(Crawled caption data)
□ □ □

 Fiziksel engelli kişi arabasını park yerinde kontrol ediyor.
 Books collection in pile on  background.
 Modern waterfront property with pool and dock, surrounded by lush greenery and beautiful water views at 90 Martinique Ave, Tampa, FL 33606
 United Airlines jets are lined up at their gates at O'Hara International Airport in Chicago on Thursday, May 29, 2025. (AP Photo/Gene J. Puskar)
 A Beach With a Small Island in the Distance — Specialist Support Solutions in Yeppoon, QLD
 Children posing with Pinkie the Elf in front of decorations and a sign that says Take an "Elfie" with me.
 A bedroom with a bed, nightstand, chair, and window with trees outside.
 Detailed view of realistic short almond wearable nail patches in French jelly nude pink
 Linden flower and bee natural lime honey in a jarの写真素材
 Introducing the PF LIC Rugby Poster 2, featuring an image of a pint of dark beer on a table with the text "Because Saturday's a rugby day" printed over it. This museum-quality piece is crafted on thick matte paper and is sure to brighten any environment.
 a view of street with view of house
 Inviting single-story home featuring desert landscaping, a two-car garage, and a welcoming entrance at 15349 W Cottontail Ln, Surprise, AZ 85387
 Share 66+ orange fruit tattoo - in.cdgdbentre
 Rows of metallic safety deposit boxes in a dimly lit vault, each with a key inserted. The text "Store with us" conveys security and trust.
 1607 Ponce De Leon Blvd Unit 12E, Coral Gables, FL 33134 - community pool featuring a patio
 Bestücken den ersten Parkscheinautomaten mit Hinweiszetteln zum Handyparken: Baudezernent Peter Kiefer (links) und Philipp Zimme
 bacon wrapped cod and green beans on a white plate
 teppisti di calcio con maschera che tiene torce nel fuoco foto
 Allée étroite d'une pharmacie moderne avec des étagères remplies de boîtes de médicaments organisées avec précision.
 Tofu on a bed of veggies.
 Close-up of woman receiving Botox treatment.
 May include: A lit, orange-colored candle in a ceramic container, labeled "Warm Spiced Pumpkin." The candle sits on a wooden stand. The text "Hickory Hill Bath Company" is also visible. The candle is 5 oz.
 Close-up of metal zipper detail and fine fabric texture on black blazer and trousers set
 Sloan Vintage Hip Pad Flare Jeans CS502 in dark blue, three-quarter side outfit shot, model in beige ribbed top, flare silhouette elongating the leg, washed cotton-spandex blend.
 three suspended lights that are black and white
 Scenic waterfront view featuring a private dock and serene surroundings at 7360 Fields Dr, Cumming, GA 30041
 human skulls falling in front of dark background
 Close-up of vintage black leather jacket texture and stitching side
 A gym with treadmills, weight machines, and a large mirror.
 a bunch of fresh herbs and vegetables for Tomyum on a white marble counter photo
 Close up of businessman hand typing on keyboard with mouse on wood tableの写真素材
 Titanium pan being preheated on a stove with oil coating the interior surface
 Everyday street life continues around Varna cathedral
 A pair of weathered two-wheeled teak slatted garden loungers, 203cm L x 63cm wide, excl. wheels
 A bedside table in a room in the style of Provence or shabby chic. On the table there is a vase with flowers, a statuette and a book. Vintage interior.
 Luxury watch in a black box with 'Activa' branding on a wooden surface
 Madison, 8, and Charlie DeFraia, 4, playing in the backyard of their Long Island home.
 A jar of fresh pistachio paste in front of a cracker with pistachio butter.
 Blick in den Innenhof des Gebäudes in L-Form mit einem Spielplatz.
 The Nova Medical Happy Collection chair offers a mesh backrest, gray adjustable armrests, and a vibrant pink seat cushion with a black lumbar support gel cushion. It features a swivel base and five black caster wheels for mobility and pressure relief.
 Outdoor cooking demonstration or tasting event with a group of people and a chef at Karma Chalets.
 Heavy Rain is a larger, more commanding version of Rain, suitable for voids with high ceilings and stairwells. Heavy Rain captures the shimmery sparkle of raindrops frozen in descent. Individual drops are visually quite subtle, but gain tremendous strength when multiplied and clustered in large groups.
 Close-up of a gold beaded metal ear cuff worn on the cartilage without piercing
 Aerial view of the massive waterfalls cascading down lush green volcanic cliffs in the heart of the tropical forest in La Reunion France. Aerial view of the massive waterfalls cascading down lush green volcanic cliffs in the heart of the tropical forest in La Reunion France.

□ □ □

**Exercise prompt**
From the first line to the last, return the data exactly as written.

**Exercise answer**
 Fiziksel engelli kişi arabasını park yerinde kontrol ediyor.
 Books collection in pile on  background.
 Modern waterfront property with pool and dock, surrounded by lush greenery and beautiful water views at 90 Martinique Ave, Tampa, FL 33606
 United Airlines jets are lined up at their gates at O'Hara International Airport in Chicago on Thursday, May 29, 2025. (AP Photo/Gene J. Puskar)
 A Beach With a Small Island in the Distance — Specialist Support Solutions in Yeppoon, QLD
 Children posing with Pinkie the Elf in front of decorations and a sign that says Take an "Elfie" with me.
 A bedroom with a bed, nightstand, chair, and window with trees outside.
 Detailed view of realistic short almond wearable nail patches in French jelly nude pink
 Linden flower and bee natural lime honey in a jarの写真素材
 Introducing the PF LIC Rugby Poster 2, featuring an image of a pint of dark beer on a table with the text "Because Saturday's a rugby day" printed over it. This museum-quality piece is crafted on thick matte paper and is sure to brighten any environment.
 a view of street with view of house
 Inviting single-story home featuring desert landscaping, a two-car garage, and a welcoming entrance at 15349 W Cottontail Ln, Surprise, AZ 85387
 Share 66+ orange fruit tattoo - in.cdgdbentre
 Rows of metallic safety deposit boxes in a dimly lit vault, each with a key inserted. The text "Store with us" conveys security and trust.
 1607 Ponce De Leon Blvd Unit 12E, Coral Gables, FL 33134 - community pool featuring a patio
 Bestücken den ersten Parkscheinautomaten mit Hinweiszetteln zum Handyparken: Baudezernent Peter Kiefer (links) und Philipp Zimme
 bacon wrapped cod and green beans on a white plate
 teppisti di calcio con maschera che tiene torce nel fuoco foto
 Allée étroite d'une pharmacie moderne avec des étagères remplies de boîtes de médicaments organisées avec précision.
 Tofu on a bed of veggies.
 Close-up of woman receiving Botox treatment.
 May include: A lit, orange-colored candle in a ceramic container, labeled "Warm Spiced Pumpkin." The candle sits on a wooden stand. The text "Hickory Hill Bath Company" is also visible. The candle is 5 oz.
 Close-up of metal zipper detail and fine fabric texture on black blazer and trousers set
 Sloan Vintage Hip Pad Flare Jeans CS502 in dark blue, three-quarter side outfit shot, model in beige ribbed top, flare silhouette elongating the leg, washed cotton-spandex blend.
 three suspended lights that are black and white
 Scenic waterfront view featuring a private dock and serene surroundings at 7360 Fields Dr, Cumming, GA 30041
 human skulls falling in front of dark background
 Close-up of vintage black leather jacket texture and stitching side
 A gym with treadmills, weight machines, and a large mirror.
 a bunch of fresh herbs and vegetables for Tomyum on a white marble counter photo
 Close up of businessman hand typing on keyboard with mouse on wood tableの写真素材
 Titanium pan being preheated on a stove with oil coating the interior surface
 Everyday street life continues around Varna cathedral
 A pair of weathered two-wheeled teak slatted garden loungers, 203cm L x 63cm wide, excl. wheels
 A bedside table in a room in the style of Provence or shabby chic. On the table there is a vase with flowers, a statuette and a book. Vintage interior.
 Luxury watch in a black box with 'Activa' branding on a wooden surface
 Madison, 8, and Charlie DeFraia, 4, playing in the backyard of their Long Island home.
 A jar of fresh pistachio paste in front of a cracker with pistachio butter.
 Blick in den Innenhof des Gebäudes in L-Form mit einem Spielplatz.
 The Nova Medical Happy Collection chair offers a mesh backrest, gray adjustable armrests, and a vibrant pink seat cushion with a black lumbar support gel cushion. It features a swivel base and five black caster wheels for mobility and pressure relief.
 Outdoor cooking demonstration or tasting event with a group of people and a chef at Karma Chalets.
 Heavy Rain is a larger, more commanding version of Rain, suitable for voids with high ceilings and stairwells. Heavy Rain captures the shimmery sparkle of raindrops frozen in descent. Individual drops are visually quite subtle, but gain tremendous strength when multiplied and clustered in large groups.
 Close-up of a gold beaded metal ear cuff worn on the cartilage without piercing
 Aerial view of the massive waterfalls cascading down lush green volcanic cliffs in the heart of the tropical forest in La Reunion France. Aerial view of the massive waterfalls cascading down lush green volcanic cliffs in the heart of the tropical forest in La Reunion France.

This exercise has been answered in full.